Bir zamanlar ‘Haham ‘çıkaran Barzani ailesinin nasıl ve ne zaman Müslüman oldukları hakkında tam bir bilgi yoktur. Kendisi de bir Kürt Yahudisi olan ABD vatandaşı ve İbrani Tarihçisi Prof. Yona SABAR’da yeterli bir bilgi vermemektedir. Biraz karanlıkta kalmaktadır gibi.

Evet, Yahudi din adamı haham yetiştiren bu ailenin liderleri bir zaman sonra nasıl oldu da ‘Nakşibendi’ Şeyhleri ve Molları oldu?

“Zap Irmağı’nın sol tarafından kurulan ‘Barzan’ köyüne bir tarihte ‘Mesud’ isminde bir adam gelir ve yerleşir. Çevre edinip, Barzan kalesinin yapımında önemli desteği olduğundan olsa gerek, Barzanlılar tarafından itibar görür. Burada evlenir. Barzani ailesinin ilk ferdi Bu Mesud’dur.
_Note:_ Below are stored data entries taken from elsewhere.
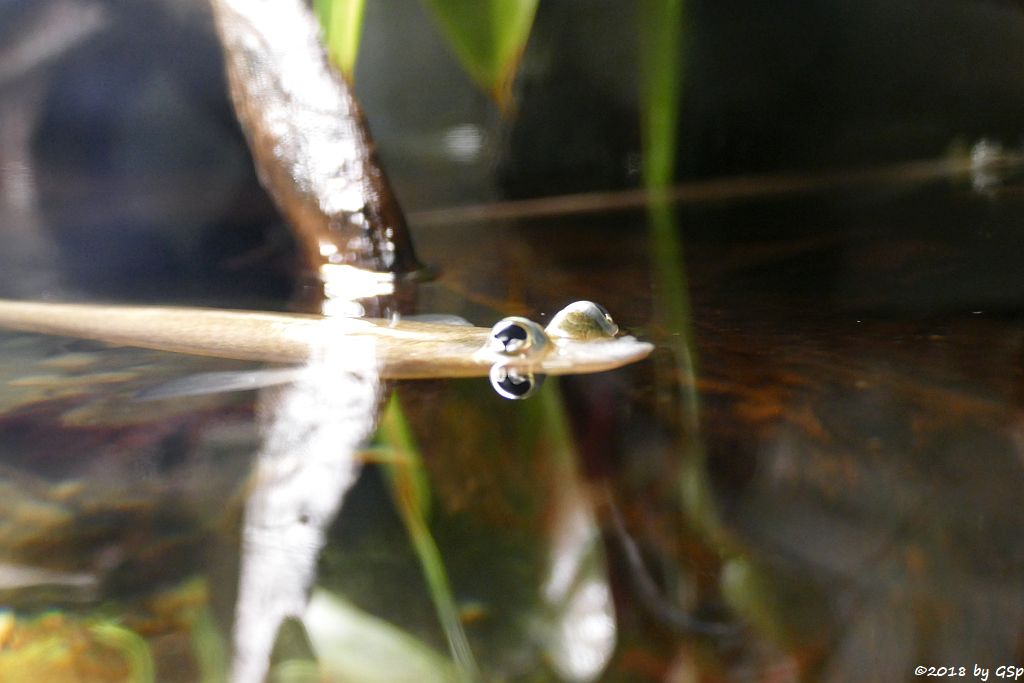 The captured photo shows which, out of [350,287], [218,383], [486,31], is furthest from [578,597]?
[486,31]

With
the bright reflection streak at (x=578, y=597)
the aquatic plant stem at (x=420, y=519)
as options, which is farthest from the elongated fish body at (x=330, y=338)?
the bright reflection streak at (x=578, y=597)

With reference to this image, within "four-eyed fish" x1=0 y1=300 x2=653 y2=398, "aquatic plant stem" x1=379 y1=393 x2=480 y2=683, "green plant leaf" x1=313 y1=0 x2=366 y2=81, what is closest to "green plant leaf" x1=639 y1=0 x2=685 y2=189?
"green plant leaf" x1=313 y1=0 x2=366 y2=81

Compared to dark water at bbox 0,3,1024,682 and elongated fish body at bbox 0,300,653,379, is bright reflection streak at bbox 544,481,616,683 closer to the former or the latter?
dark water at bbox 0,3,1024,682

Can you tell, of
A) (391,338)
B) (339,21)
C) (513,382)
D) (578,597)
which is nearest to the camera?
(578,597)

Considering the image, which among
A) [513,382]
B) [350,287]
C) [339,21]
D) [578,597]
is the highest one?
[339,21]

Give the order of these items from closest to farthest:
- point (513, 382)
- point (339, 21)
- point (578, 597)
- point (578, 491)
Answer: point (578, 597)
point (578, 491)
point (513, 382)
point (339, 21)

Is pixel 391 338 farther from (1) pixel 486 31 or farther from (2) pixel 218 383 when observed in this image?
(1) pixel 486 31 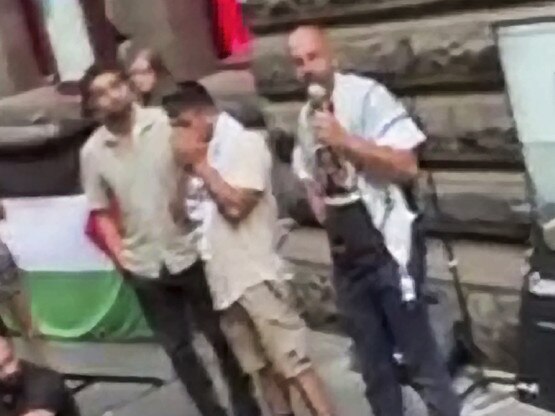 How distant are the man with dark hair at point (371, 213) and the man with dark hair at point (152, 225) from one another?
0.16 m

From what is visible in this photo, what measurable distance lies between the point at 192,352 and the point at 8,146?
328 millimetres

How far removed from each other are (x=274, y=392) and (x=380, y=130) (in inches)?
13.8

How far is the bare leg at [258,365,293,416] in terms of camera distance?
1.37 metres

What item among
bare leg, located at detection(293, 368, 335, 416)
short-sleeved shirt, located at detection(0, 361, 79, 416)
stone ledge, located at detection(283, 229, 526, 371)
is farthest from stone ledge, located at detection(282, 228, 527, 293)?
short-sleeved shirt, located at detection(0, 361, 79, 416)

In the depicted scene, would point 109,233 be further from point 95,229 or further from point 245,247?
point 245,247

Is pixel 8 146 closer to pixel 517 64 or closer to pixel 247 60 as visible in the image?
pixel 247 60

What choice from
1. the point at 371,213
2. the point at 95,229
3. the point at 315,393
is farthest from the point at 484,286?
the point at 95,229

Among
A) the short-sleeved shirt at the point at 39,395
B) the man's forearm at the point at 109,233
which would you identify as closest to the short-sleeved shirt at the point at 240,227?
the man's forearm at the point at 109,233

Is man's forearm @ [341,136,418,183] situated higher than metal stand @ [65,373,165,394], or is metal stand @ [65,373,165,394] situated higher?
man's forearm @ [341,136,418,183]

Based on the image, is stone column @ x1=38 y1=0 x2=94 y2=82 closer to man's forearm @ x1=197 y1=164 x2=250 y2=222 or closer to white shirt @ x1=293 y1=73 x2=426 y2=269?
man's forearm @ x1=197 y1=164 x2=250 y2=222

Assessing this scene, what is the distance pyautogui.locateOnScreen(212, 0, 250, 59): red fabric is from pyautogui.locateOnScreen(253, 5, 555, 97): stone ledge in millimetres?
32

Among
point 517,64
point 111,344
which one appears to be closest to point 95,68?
point 111,344

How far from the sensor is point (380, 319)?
1273 millimetres

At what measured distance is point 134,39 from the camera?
1.34m
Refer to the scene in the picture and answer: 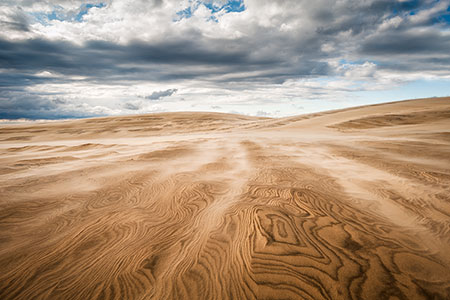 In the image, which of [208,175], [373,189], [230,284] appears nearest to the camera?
[230,284]

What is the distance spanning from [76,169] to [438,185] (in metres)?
7.47

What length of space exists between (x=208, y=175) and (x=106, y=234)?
8.09ft

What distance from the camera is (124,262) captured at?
7.02ft

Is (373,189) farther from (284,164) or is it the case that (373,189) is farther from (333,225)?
(284,164)

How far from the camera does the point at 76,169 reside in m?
5.35

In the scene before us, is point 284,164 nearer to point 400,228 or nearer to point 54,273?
point 400,228

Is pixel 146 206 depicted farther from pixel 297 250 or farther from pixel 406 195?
pixel 406 195

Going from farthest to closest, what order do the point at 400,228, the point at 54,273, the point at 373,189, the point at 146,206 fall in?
the point at 373,189, the point at 146,206, the point at 400,228, the point at 54,273

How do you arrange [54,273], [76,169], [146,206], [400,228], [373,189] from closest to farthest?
[54,273] → [400,228] → [146,206] → [373,189] → [76,169]

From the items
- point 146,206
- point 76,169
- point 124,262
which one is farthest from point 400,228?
point 76,169

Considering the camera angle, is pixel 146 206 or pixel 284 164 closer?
pixel 146 206

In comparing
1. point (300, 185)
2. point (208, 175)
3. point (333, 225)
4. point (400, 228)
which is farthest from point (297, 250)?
point (208, 175)

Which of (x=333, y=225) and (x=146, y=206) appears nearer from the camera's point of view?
(x=333, y=225)

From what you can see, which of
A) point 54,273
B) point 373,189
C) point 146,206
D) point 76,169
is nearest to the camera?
point 54,273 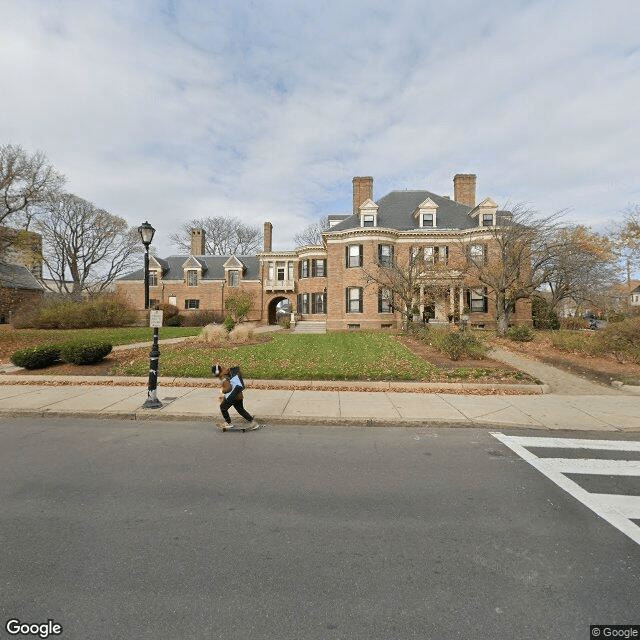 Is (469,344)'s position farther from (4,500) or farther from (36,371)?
(36,371)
Bu ara Medreseyle ilgilenmeye başlar. Oğlu Said’i bölgedeki medreselerde okutur. Said’den sonra gelen oğlu Mesud (II.) de benzer bir eğitimden geçer.

Özellikle de II. Mesud’un oğlu “Taceddin”, tasavvufa karşı ilgi duyarak Barzan nahiyesinde hemen bir tekke kurar. (A. Kadir Berifkani, ‘Mustafa El-Barzan’, Kahire/Londra 1966, El-Merkezi Arabi ed-Devlili’ L-i’lem yayınları. Sf: 96-97)

Bu yıllarda ‘Kadirilik ve Nakşilik’ tarikatları önem kazanmıştır. Bölgede nakşibendiliğin ilk yayıcısı ‘Mevlana Halid-i Bağdadi’dir (1777-1837). Bağdadlı Halit, 1809 yılında Hindistan’a giderek önemli bir Nakşibendi Şeyhi olan ‘Abdullah Dehlevi’den eğitim alarak ve daha sonra ondan halifelik beraatını da alarak bölgeye geri döner ve kısa zamanda buranın en etkin Nakşibendi Şeyhi olur.

Hakkarili ‘Abdullah Nehri’ ve ‘Palulu Ali Septi’ vasıtasıyla Kuzey Irak, Güneydoğu ve Doğu Anadolu’ya yayılan ‘Halidiye Nakşiliği’, Barzanlı Taceddin’inde ilgisini çekmiş, Nehrilerden Şeyh Taha Taceddin’e Nakşibendi tarikatının tasavvuf öğretisi hususunda onu eğitmiş daha sonra da ona hilafet vererek, Barzan’daki tekkenin faaliyetlerini hızlandırmıştır (M. Sıraç Bilgin, “Barzani”, İst-1992, Fırat Yayın. Sf: 16).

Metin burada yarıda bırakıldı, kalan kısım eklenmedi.